週に何日も使ってくれるリピーターの方もおり、利用者さんの中には「SABO」でイベントを開催している方もいるほか、「静かで落ち着いた雰囲気」、「電子機器などの設備も充実している」といったコメントもいただいています。
なぜ淵野辺に“SABO”を開設されたのですか?
〔青木さん〕
利用者のアクセスや地域の方々との接点も持ちたかったので、雨にも濡れずに来られるような駅周辺にこだわりました。
物件探しは本当に大変で、前職である福祉法人をやめたのが3年前くらいで、100件以上の物件を見たり現地に行ったりなど、正直一番きつかったですね(笑)。

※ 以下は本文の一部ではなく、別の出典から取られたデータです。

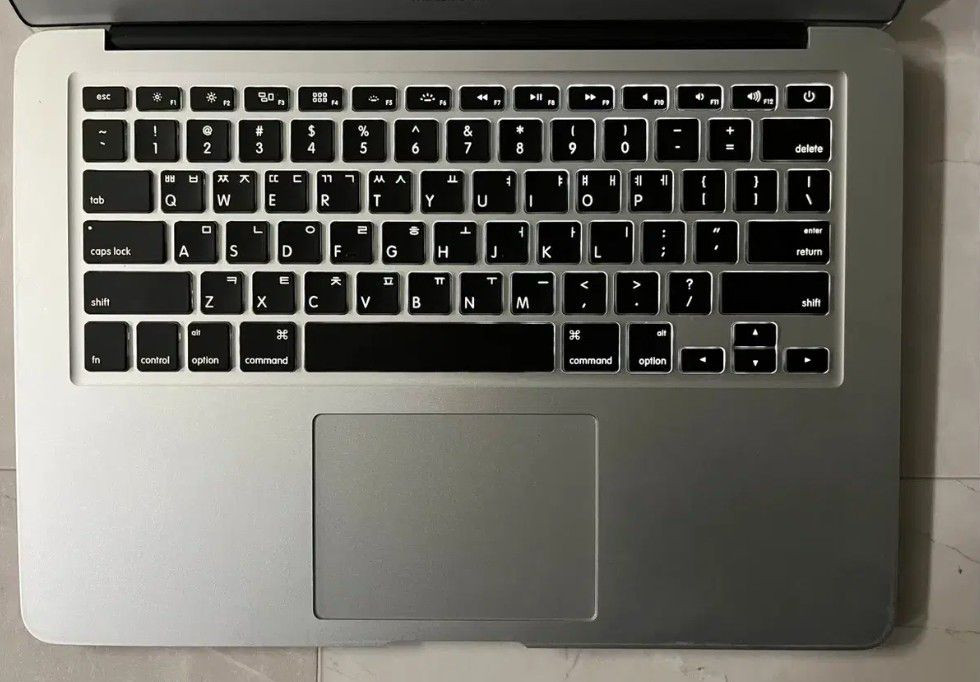 맥북에어/13.3/A1466/5세대i5/SSD 500/싸이클33/최저가 이미지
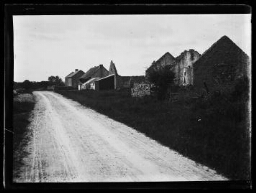 Au S. de Bennettsbridge, près de Kells, groupe de maisons dont 2 en ruines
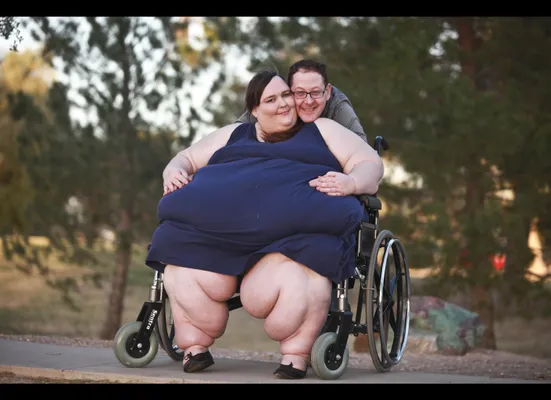 Mikel Ruffinelli Xxx - Mikel Ruffinelli Sets World Record For Largest Hips | HuffPost Weird News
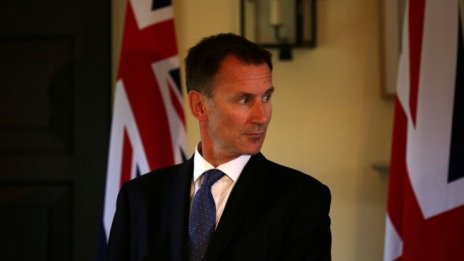 Джереми Хънт: Не бъркайте британската учтивост със слабост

障がい者専門結婚相談所を始めたルーツとは?福祉の世界で感じた違和感
起業のきっかけは何だったのでしょうか?
〔青木さん〕
元々障がい者施設でずっと働いており、サービス管理責任者にもなりましたし、施設も変わるなど長らく福祉の世界に入っていました。
当時はまったく起業する気はなかったのですが、自身がやりたい支援の視点では福祉の現場が窮屈に感じていました。
やりたい支援ができないという想いが募り、今の状況でできなけれ自分でやるしかないと強く感じるようになりました。
青木さんと小野さんのお二人で現在の事業をお考えになられたのでしょうか?
〔小野さん〕
青木が先輩で、自分は福祉のことを知らずに飛び込んだので、当時は青木から色々と叩き込まれました(笑)。
ただ、当時から青木の考え方や、面白い発想などをリスペクトしており、自分たちの考えるB型施設を作りたいという話も青木から出てきたんですよね。
それで、当時とある福祉の研修に青木から誘われて一緒に受講したんですけど、その中で障がい者専門の結婚相談所のコンテンツがあり、二人ともそこで衝撃を受けました。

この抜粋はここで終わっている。